At this point, you have already read the title of this article. So, before anyone starts calling their broker and telling them to sell their Arbor Realty (NYSE:ABR) shares, consider the following – although I am lowering my rating on Arbor, I continue to believe this stock is still an above-average investment. It’s just not quite as attractive as it was when I rated it a Strong Buy on December 15th in an article titled Arbor Realty Trust Common Stock: My ‘Perfect 10’ Dividend Idea. At that time the share price was $13.72 and the $1.60 annual dividend was yielding 11.7%. The Strong Buy was based on the attractive dividend yield and my expectation of the share price appreciating 15%-20% over the subsequent one year period.
To be clear, as far as I know, Seeking Alpha has not given any specific numerical guidance as to what constitutes Strong Buy, Buy, Hold, Sell or Strong Sell ratings. I would have preferred to have specific designations for price movements and total return, something one might have expected from someone that chose Crunching Numbers as a pseudonym. Regardless…
Background
The dividend was the primary reason I had first purchased this stock, and it was the reason I have been writing positive articles about this equity for the past several years.

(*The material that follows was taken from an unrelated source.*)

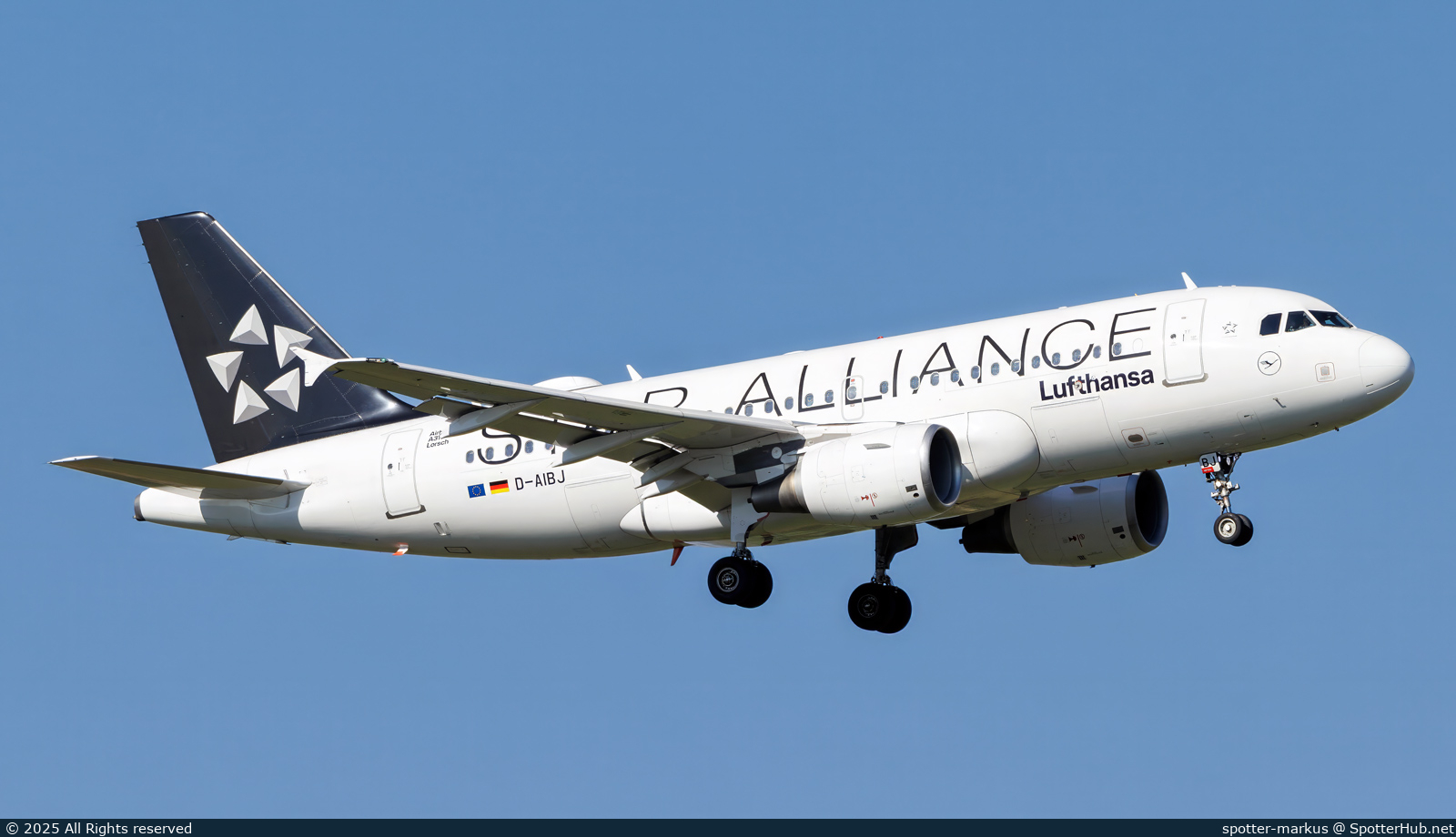 Photo of D-AIBJ - Airbus A319-112 operated by Lufthansa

Obviously, ten consecutive quarterly increases of that dividend and a low payout ratio have also been contributing factors. The CEO, Ivan Kaufman, noted the following early in the Q3 earnings conference call:
We have a premium operating platform, with multiple products that generate many diverse income streams, allowing us to consistently produce earnings that are well in excess of a dividend. This has allowed us to once again increase our dividend to $0.40 a share, representing our 10th consecutive quarterly dividend increase with 33% growth over that time period, all while maintaining the lowest payout ratio in the industry. We’ve also strategically built a platform to succeed in all cycles, and as a result, we believe we are extremely well positioned to thrive in this economic downturn.
So, with all of these positives, why am I lowering my rating? The main reason is the current price, and its rise to $15.12. At that price, the forward yield drops to 10.58%, and 10% should be an important yardstick for investors. Over the past decade, we have seen outsized gains and losses in the market as measured by the S&P 500. Last year, the S&P 500 returned a negative 18%, although the gains for the past three, five, and ten year periods were all quite positive. Most important, however, is that over the past century the long term average annual total return for the S&P 500 (including reinvested dividends) is just a bit below 10%.
The current Arbor dividend alone is more than 10%, and that should be enough to earn the equity a hold. To earn a Buy rating I would like my recommendation to beat the long term average total return for the S&P 500 by five to ten percentage points over the following year. For a Strong Buy, I would want to see a total return of 20%-25%. Clearly, Arbor has essentially met the Strong Buy criteria made in the December of 2022 based on price appreciation of more than ten percent in addition to its 10% dividend.
Then, consider that the dividend represents “the lowest payout ratio in the industry” and that Arbor’s income streams “produce earnings that are well in excess of a dividend”. These factors should indicate that further increases to the dividend will be on the way to shareholders. And, of course, all things being equal, the share price should show significant gains based on the expectation of rising earnings and dividends.
For me, these factors alone would be enough to justify a buy rating at the current price. To justify a Strong Buy, I would want to see the share price appreciate at least 15% from the recent $15.12 price. Can it get above $17.38 over the next year? It’s possible, but in a rising interest rate environment I believe it will be difficult to achieve. For these reasons I am lowering my rating from “Strong Buy” to “Buy”.
Additional Disclosures
We are currently overweight Arbor, with the equity representing approximately 8.8% of our investment accounts. This includes one large trading position where I was caught holding a block of shares not too far off its 2021 high. The large dividend makes holding the shares tolerable, but should I get the opportunity to liquidate the position at a gain – or even a reasonable loss, I could sell that position at any time. I would like to think that I am able to write about Arbor without letting my personal holdings and the gains and losses unduly bias my assessment.
Recent News
The company is scheduled to release its Q4 results before the market opens on Friday, February 17, and subsequently hold its Q4 conference call at 10:00 a.m. Eastern Time. I expect more good news from the company, and would not be at all surprised to see an eleventh consecutive quarterly increase in the dividend that morning.
Less clear was Arbor’s December news release about co-funding New York based Emerald Empire’s acquisition of Pangea Properties’ Chicago Portfolio, where details of the transaction were not fully disclosed.
Summary
Arbor is currently a solid investment opportunity, and despite its recent price appreciation, is still worthy of a Buy rating. It’s just not quite worthy of a Strong Buy rating from this particularly picky author.